Below, Pinnock admits struggle with deterministic sovereignty, and I’m not sure he acknowledges all the possibilities.  In other words, when he says he could not reconcile (“shake off”) total omniscience with human free will, that doesn’t mean that God can’t somehow reconcile the two, beyond our comprehension.

Finally I had to rethink the divine omniscience and reluctantly ask whether we ought to think of it as an exhaustive foreknowledge of everything that will ever happen, as even most Arminians do.  I found I could not shake off the intuition that such a total omniscience would necessarily mean that everything we will ever choose in the future will have been already spelled out in the divine knowledge register, and consequently the belief that we have truly significant choices to make would seem to be mistaken.  I knew the Calvinist argument that exhaustive foreknowledge was tantamount to predestination because it implies the fixity of all things from “eternity past,” and I could not shake off its logical force.  I feared that, if we view God as timeless and omniscient, we will land back in the camp of theological determinism where these notions naturally belong.  It makes no sense to espouse conditionality and then threaten it by other assumptions that we make.

Therefore, I had to ask myself if it was biblically possible to hold that God knows everything that can be known, but that free choices would not be something that can be known even by God because they are not yet settled in reality.  Decisions not yet made do not exist anywhere to be known even by God.  They are potential—yet to be realized but not yet actual.  God can predict a great deal of what we will choose to do, but not all of it, because some of it remains hidden in the mystery of human freedom.  Can this conjecture be scriptural?

. . .

Pinnock continues, dealing with God’s openness. . . .

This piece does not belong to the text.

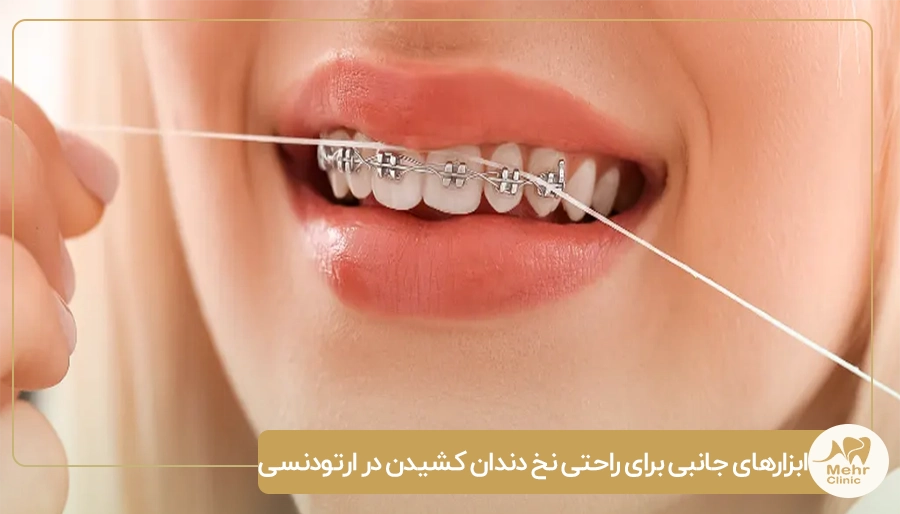 ابزارهای جانبی برای راحتی نخ دندان کشیدن در ارتودنسی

Evidently the logic of Calvinism had worked effectively to silence some of the biblical data even for me. . . .  God too moves into a future not wholly known because [they are] not yet fixed.  At times God even asks himself questions like “What shall I do with you?” (Hosea 6:4).

Most Bible readers simply pass over this evidence and do not take it seriously.  They assume the traditional notion of exhaustive omniscience supported more by the old logic than by the biblical text. . . .  The God of the Bible displays an openness to the future that the traditional view of omniscience simply cannot accommodate.